Лучше всего Сарасате передавал виртуозную музыку и собственные произведения. В них он был бесподобен. Из его сочинений большую известность приобрели Испанские танцы, Цыганские напевы, Фантазия на мотивы из оперы «Кармен» Бизе, Интродукция и тарантелла. Наиболее положительную и близкую к истине оценку Сарасате-композитору дал Ауэр. Он писал: «Оригинальные, талантливые и подлинно концертные пьесы самого Сарасате — «Airs Espagnoles», столь ярко окрашенные пламенной романтикой его родной страны, — без сомнения представляют собой ценнейший вклад в скрипичный репертуар».

В Испанских танцах Сарасате создал красочные инструментальные обработки родных ему напевов и сделаны они с тонким вкусом, изяществом. От них — прямой путь к миниатюрам Гранадоса, Альбениса, де Фалья. Фантазия на мотивы из «Кармен» Бизе — едва ли не лучшая в мировой скрипичной литературе в избранном композитором жанре виртуозных фантазий. Ее смело можно поставить в один ряд с самыми яркими фантазиями Паганини, Венявского, Эрнста.

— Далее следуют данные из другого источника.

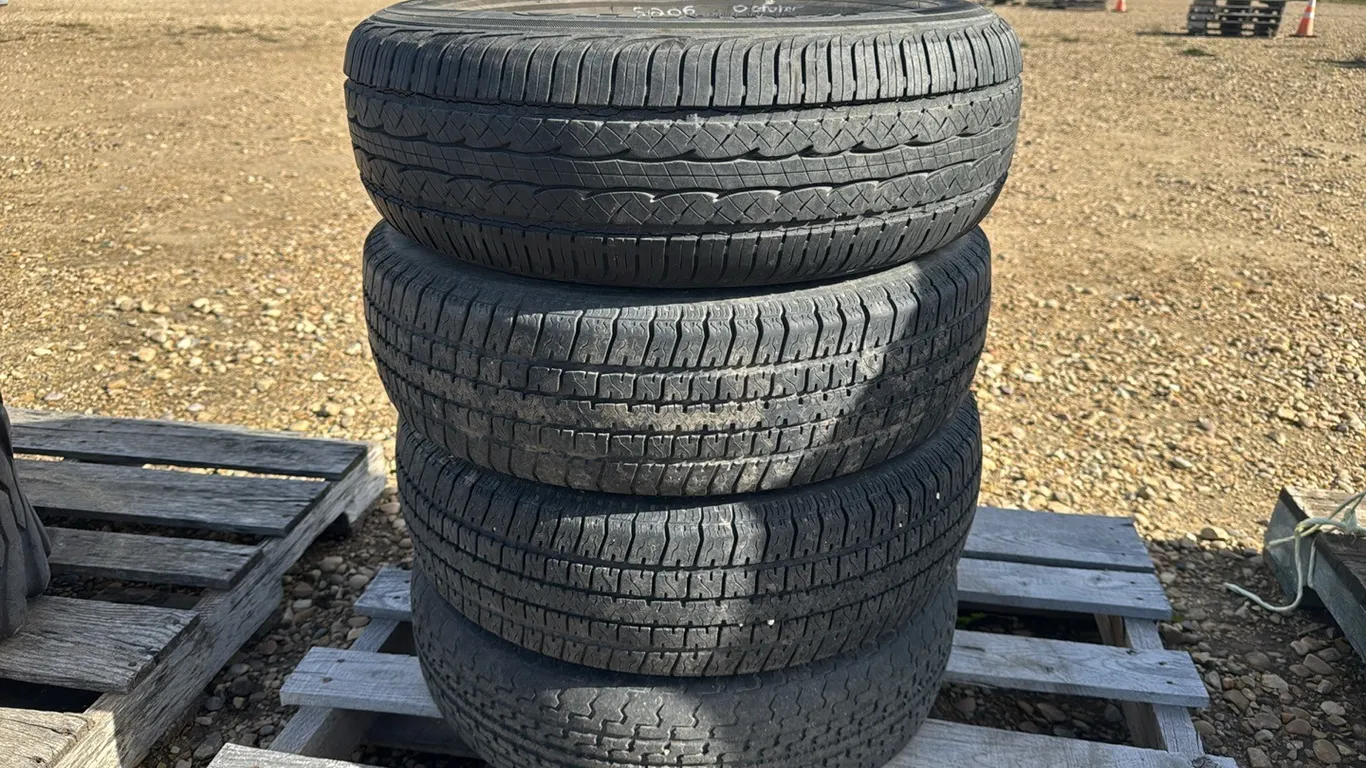 4 of ST205/75 R14 Car Tires (P10-R10-E-S206)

Сарасате первый из скрипачей, чья игра была записана на грампластинки; он исполнил Прелюдию из Ми-мажорной партиты И.-С. Баха для скрипки соло, а также Интродукцию и тарантеллу собственного сочинения.

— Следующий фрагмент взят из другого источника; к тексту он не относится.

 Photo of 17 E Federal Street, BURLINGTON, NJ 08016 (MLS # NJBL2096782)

Сарасате не имел семьи и фактически всю жизнь отдал скрипке. Правда, он питал страсть к коллекционированию. Объекты его коллекций были довольно забавны. Сарасате и в этой страсти казался большим ребенком. Он увлекался коллекционированием. тростей (!); собирал трости, украшенные золотыми набалдашниками и инкрустированные драгоценными камнями, ценные предметы древности и антикварные вещицы. После него осталось состояние, оцениваемое в 3000000 франков.
Сарасате умер в Биаррице 20 сентября 1908 года 64 лет от роду. Все, что нажил, он завещал главным образом художественным и благотворительным организациям. По 10 000 франков получили Парижская и Мадридская консерватории; кроме того каждая из них — по скрипке Страдивариуса. Большая сумма была предназначена для премий музыкантам. Свою замечательную художественную коллекцию Сарасате передал родному городу Памплоне.